Everyone loves free stuff. I think of Oprah telling her guests, “You get a car, you get a car!”. Around the office, it seems every optional event relies on the premise that people will only show up if free food is involved. Finally, according to official Gartner statistics,in the last 10 years, free pizza and beer have been responsible for 86.3% of apartment moves by friends. OK, that last one I made up, but you get the idea. Free stuff is exciting and motivates people. You would think that when something especially costly with great potential for creating value is given away, it would be snagged immediately. However, with ERP upgrades it is quite the opposite. ERP is one of the top spending categories in IT, yet most organizations do not run the very latest version of their ERP software. Often years have passed since the last upgrade. If free functionality is regularly activated, that creates the opportunity for increased savings and benefits. Failure to take advantage of ERP upgrades is costing you that opportunity. Why is this and how can it be improved?

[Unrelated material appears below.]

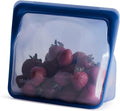 Stasher Premium Silicone Reusable Food Storage Stand-Up Mid Bag, Deep Ocean by Stasher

There are a couple main reasons why organizations decline upgrades:
- Difficulty executing the upgrade due to customization
- Challenges with stakeholders embracing standard changes
Ironically, customizations in ERP have become the standard, instead of standard being the standard. When customizations start to add up, they create significant friction during upgrades. When an upgrade occurs, all customizations that touch that functionality need to be tested at a minimum. If issues occur then they may need to be developed again. Even if they test fine, they need to be applied to the new ERP version. All this friction creates costs which may outweigh the benefits delivered by the new functionality. This was especially true in on-premise ERP systems where the code base could be directly modified by development teams. As cloud ERP systems advance and are adopted more widely, there is a shift to customizations being done outside the core code base in a another layer such as Platform as a Service and then integrated through APIs and other middleware to the SaaS system. This emerging approach reduces friction but still requires testing and does not resolve the second main reason organizations decline upgrades, stakeholder change struggles.
Change is hard. ERP upgrades and the related changes to business processes requires stakeholders to learn new ways of doing their job. There is a slight productivity loss when learning new systems, but regular small upgrades do not create nearly the disruption as big brand new systems. Still, many people will resist this. “This is how we’ve always done it” or “we are special and can’t change” or similar refrains are used to push back against upgrades. At the same time though, users often have a long list (backlog) of customizations proposed of how to change the system to make it better. The second reason is tied to the first in this way. Many changes have already been made via customizations. Not all change is bad it turns out, just as long as each user gets to choose their changes and do their job the way they want. An upgrade may mean losing their customization and moving to best practices of standard business processes and functionality.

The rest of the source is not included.